THE BOARD OF DIRECTORS OF GMS HAS UNANIMOUSLY RECOMMENDED THAT GMS STOCKHOLDERS TENDER ALL OF THEIR SHARES TO PURCHASER PURSUANT TO THE OFFER.
We or our nominees are the holder of record of Shares held for your account. A tender of such Shares can be made only by us as the holder of record and pursuant to your instructions. The Letter of Transmittal accompanying this letter is furnished to you for your information only and cannot be used by you to tender Shares held by us for your account.
We request instructions as to whether you wish us to tender any or all of the Shares held by us for your account, upon the terms and subject to the conditions set forth in the enclosed Offer to Purchase and the Letter of Transmittal.
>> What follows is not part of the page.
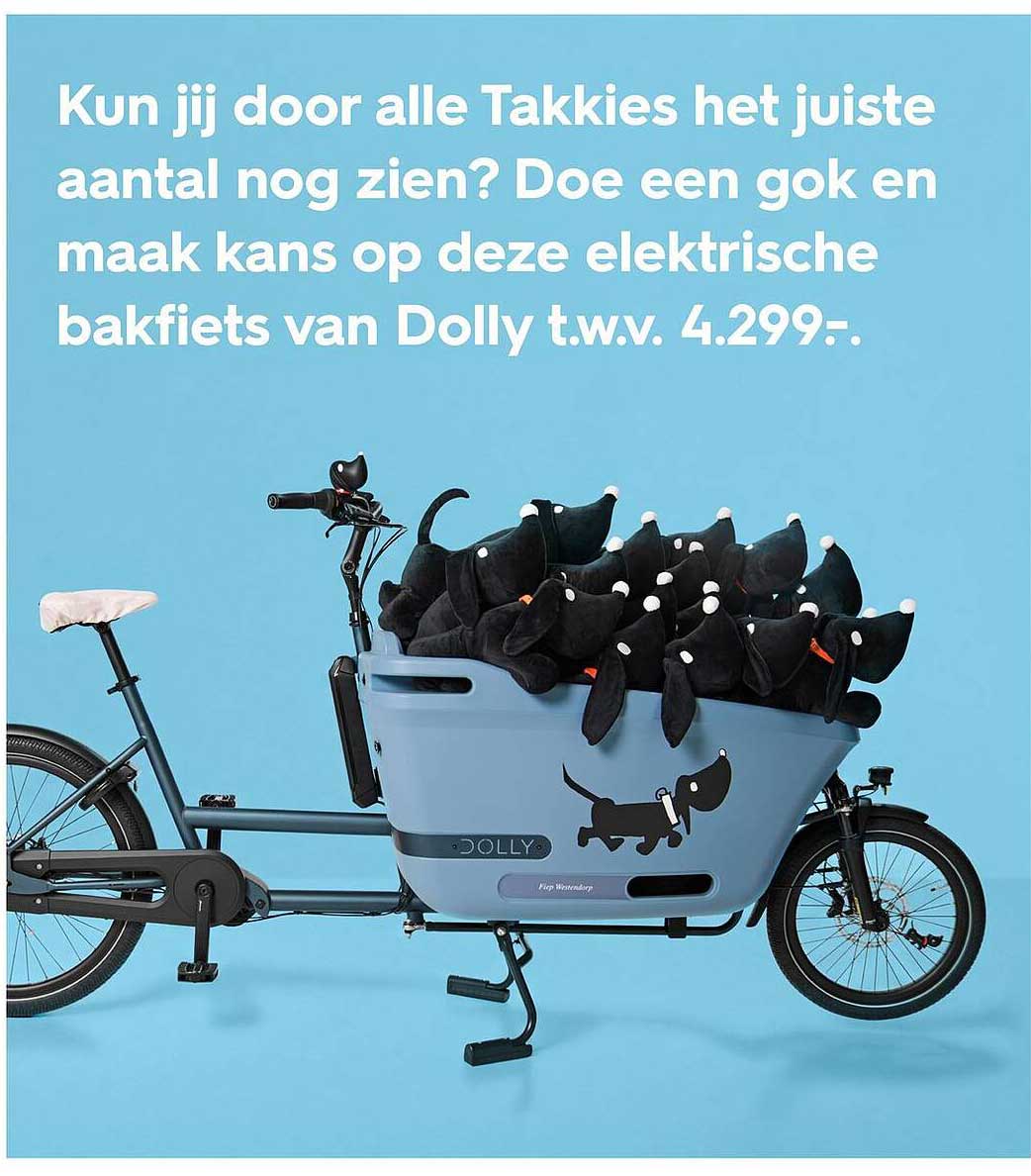 Kun jij door alle Takkies het juiste aantal nog zien? Doe een gok en maak kans op deze elektrische bakfiets van Dolly t.w.v. 4.299-.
Please note carefully the following:
1.
The offer price for the Offer is $110.00 per Share in cash, without interest and subject to any required withholding of taxes.
2.
The Offer is being made for all outstanding Shares.
3.
The Offer is being made in connection with the Agreement and Plan of Merger, dated as of June 29, 2025 (which, together with any amendments or supplements thereto, we refer to as the “Merger Agreement”), by and among GMS, The Home Depot, and Purchaser, pursuant to which, after the consummation of the Offer and, subject to the satisfaction or waiver of certain conditions, on the date thereof, and in no event later than the business day on which such conditions are satisfied or waived, unless otherwise agreed in writing between The Home Depot and GMS, Purchaser will be merged with and into GMS without a vote of the stockholders of GMS in accordance with Section 251(h) of the General Corporation Law of the State of Delaware, with GMS continuing as the surviving corporation and thereby becoming an indirect, wholly owned subsidiary of The Home Depot.

4.
The Board of Directors of GMS has unanimously (i) determined that the Merger Agreement and the transactions contemplated thereby, including the Offer and the Merger, are fair to and in the best interests of GMS and its stockholders, (ii) declared it advisable for GMS to enter into the Merger Agreement, (iii) authorized and approved the Merger Agreement, the execution, delivery and performance by GMS of the Merger Agreement and the consummation of the transactions contemplated thereby, including the Offer and the Merger, and (iv) resolved to recommend that the stockholders of GMS accept the Offer and tender their Shares to Purchaser pursuant to the Offer.
5.
The Offer and withdrawal rights will expire at one minute after 11:59 p.m., Eastern Time, on Friday, August 8, 2025, unless the Offer is extended by Purchaser or earlier terminated. Previously tendered Shares may be withdrawn at any time until the Offer has expired, and if not previously accepted for payment at any time, after September 12, 2025, pursuant to SEC (as defined in the Offer to Purchase) regulations or earlier terminated in accordance with its terms or the terms of the Merger Agreement.
6.
The Offer is not subject to any financing condition. The Offer is subject to the conditions described in Section 15 of the Offer to Purchase (the “Offer Conditions”). Among the Offer Conditions are the Merger Agreement not having been terminated in accordance with its terms and the Minimum Condition, the Antitrust Law Condition and the Governmental Authority Condition (each as defined in the Offer to Purchase).
7.
Tendering stockholders who are record owners of their Shares and who tender directly to Broadridge Corporate Issuer Solutions, LLC will not be obligated to pay brokerage fees, commissions or similar expenses or, except as otherwise provided in Instruction 6 of the Letter of Transmittal, stock transfer taxes with respect to the purchase of Shares by Purchaser pursuant to the Offer.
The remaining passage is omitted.